Phil Oliver:


I’m still not sure why some atheists have such revulsion for that word. The root just means “breath,” as I live and breathe.

Philip Sheldrake:

However, in broad terms “spirituality” stands for lifestyles and practices that embody a vision of how the human spirit can achieve its full potential. In other words, spirituality embraces an aspirational approach to the meaning and conduct of life – we are driven by goals beyond purely material success or physical satisfaction. Nowadays, spirituality is not the preserve of spiritual elites, for example in monasteries, but is presumed to be native to everyone. It is individually-tailored, democratic and eclectic, and offers an alternative source of inner-directed, personal authority in response to a decline of trust in conventional social or religious leaderships.

Matthew Hedstrom:

Spirituality can mean many things, of course, and the language of spirituality is used by traditional religious adherents as well as the religiously unaffiliated. But only the “nones” have made it into a cliché: “spiritual but not religious.”

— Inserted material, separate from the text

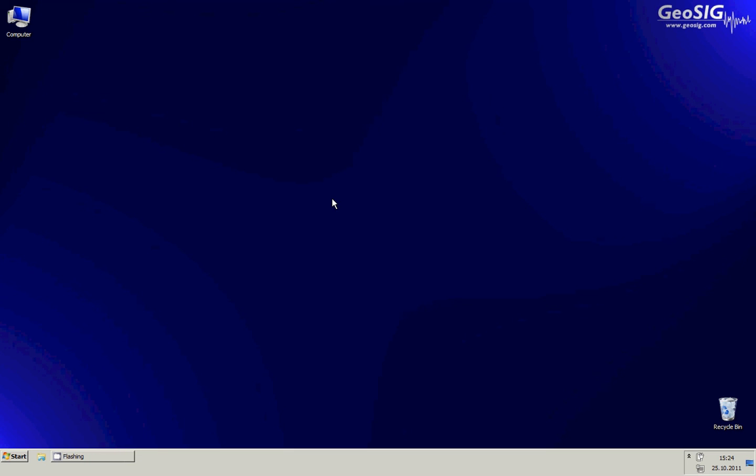Hello, welcome to this GeoSig training video. In this video we will cover the software installation to use the GMS recorder.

The history of American spirituality reveals that our commonplace understanding of spirituality—as the individual, experiential dimension of human encounter with the sacred—arose from the clash of American Protestantism with the forces of modern life in the nineteenth century. While religious conservatives fought to stem the tide, giving rise to fundamentalism, religious liberals adapted their faith to modernity, often by discarding orthodoxies in favor of Darwinism, psychology, and comparative religions.

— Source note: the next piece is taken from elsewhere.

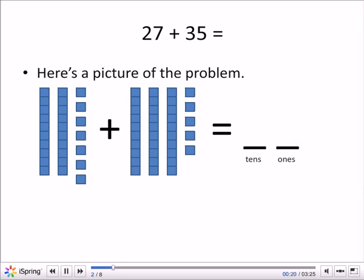Plus 7 blocks by themselves — 1, 2, 3, 4, 5, 6, 7. The second group is 35.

The majority of today’s religious “nones”—those who claim no religion but still embrace spirituality—are engaged in the same task of renovating their faith for a new historical moment. And typically, they draw from this same liberal religious toolkit. Today’s unaffiliated, like the liberals of previous generations, typically shun dogma and creed in favor of a faith that is practical, psychologically attuned, ecumenical—even cosmopolitan—and ethically oriented.

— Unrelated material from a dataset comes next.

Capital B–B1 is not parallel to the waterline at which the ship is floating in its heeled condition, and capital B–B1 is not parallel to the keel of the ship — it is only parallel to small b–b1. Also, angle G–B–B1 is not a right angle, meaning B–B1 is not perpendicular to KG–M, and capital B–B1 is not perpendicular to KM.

This liberal spirituality, as it has evolved over time, has been deeply entwined with media-oriented consumerism. Of course Americans of all religious varieties have been deeply influenced by consumerism, but media and markets have particularly shaped the religious lives of those without formal institutional or community ties. The religiously unaffiliated might not attend services, but they “do” their religion in many other ways: they watch religion on TV and listen to it on the radio; find inspiration on the web; attend retreats, seminars, workshops, and classes; buy candles and statues, bumper stickers and yoga pants; take spiritually motivated trips; and, perhaps most significantly, buy and read books.

So, perhaps we can say that “spirituality” is the perennial religious impulse, formerly an organic outgrowth of traditional community and kin, now refracted through the prism of individualistic, market-dominated, globalized consumerism. I’m not saying that like it’s good or bad; it is what it is. The times, they done a-changed. But whether you buy your beliefs via an independent bookstore or inherit them with your family name, complacency is always the danger to guard against, the cataract growing over your third eye, which is why, to answer Oliver’s excerpt with Hedstrom’s, I have such revulsion for the term: because being “spiritual” has itself become a thoughtless cliché that means everything and nothing simultaneously.